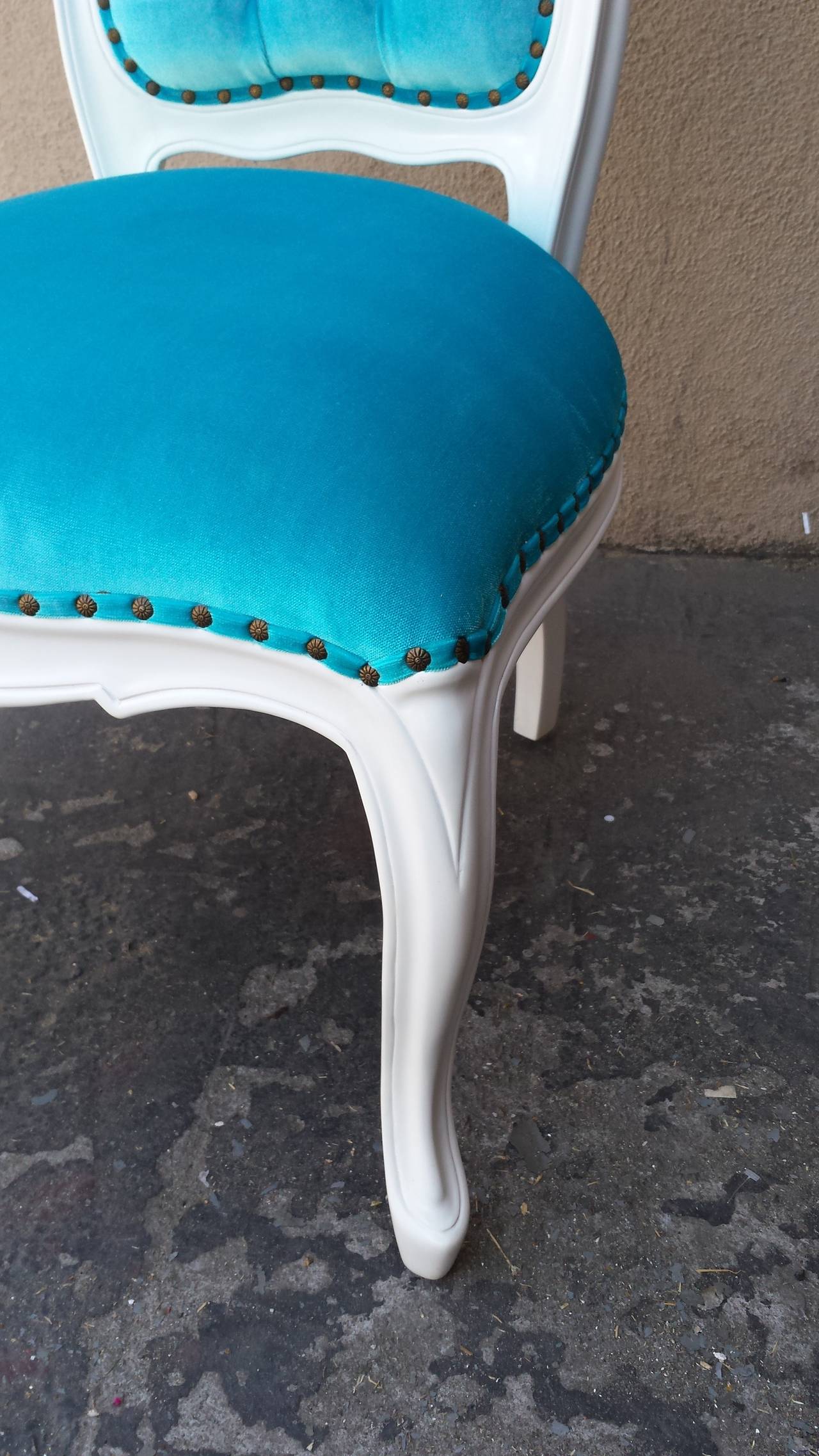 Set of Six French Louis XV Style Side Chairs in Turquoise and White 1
++++++++
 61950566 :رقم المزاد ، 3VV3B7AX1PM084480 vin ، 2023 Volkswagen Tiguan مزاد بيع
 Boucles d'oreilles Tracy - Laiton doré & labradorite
++++++++
▶ **Task statement**
In the entries above, one line contains "61950566 :رقم المزاد" and another contains "Boucles d'oreilles Tracy". Reproduce exactly those two lines and the lines between them, nothing else.

▶ **Expected answer**
 61950566 :رقم المزاد ، 3VV3B7AX1PM084480 vin ، 2023 Volkswagen Tiguan مزاد بيع
 Boucles d'oreilles Tracy - Laiton doré & labradorite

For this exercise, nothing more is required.